The most recent cat to be discovered—this time at around km 4 on the Wolverine Forest Service Road—was Lucy.

 “He’s normally in the house,” says Cheryl Wheaton, Lucy’s owner. “We have a doggy door, but he hasn’t been out forever. He leaves our house and goes and visits the neighbour who gives him treats, then to the next house, where they give him treats. That’s usually as far as he goes.” 

This is the second time Lucy has gone missing. She thinks someone is grabbing cats and taking them out of town. “Last time it happens they dropped him at the industrial area,” says Wheaton. “This time, he was gone for 23 days. He was gone through the cold spell.
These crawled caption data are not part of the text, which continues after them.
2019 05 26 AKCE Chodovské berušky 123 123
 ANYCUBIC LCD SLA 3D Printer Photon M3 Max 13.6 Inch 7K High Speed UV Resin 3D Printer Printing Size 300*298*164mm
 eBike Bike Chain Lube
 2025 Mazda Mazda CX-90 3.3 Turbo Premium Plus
We searched everywhere.” 

There was no sign of the missing feline for nearly three weeks, until Justin Kruse posted a photo on Facebook of the cat on the side of the Wolverine FSR. 

She suspects Lucy might have found shelter at the camp at km five, or at the hydro plant. “We spent three hours looking for him,” she says. “I was walking through the bushes calling him. When I finally saw him, he just dropped to the ground and cried.” 

She says a number of cats have gone missing from the middle bench, where she lives. “Jack, my husband, works for Caribou Road Services. They have found two cats that had been dropped off at the side of the road.”

Keri White knows what Wheaton is going through. Last winter, her cat was also found wandering about the bush. “He was found out at Ridge Rotors,” she says. “I don’t know but I think he might have been held captive. He had been gone for almost a month, and when he was found, after a cold spell, he was emaciated. I don’t think he was out there that long.” 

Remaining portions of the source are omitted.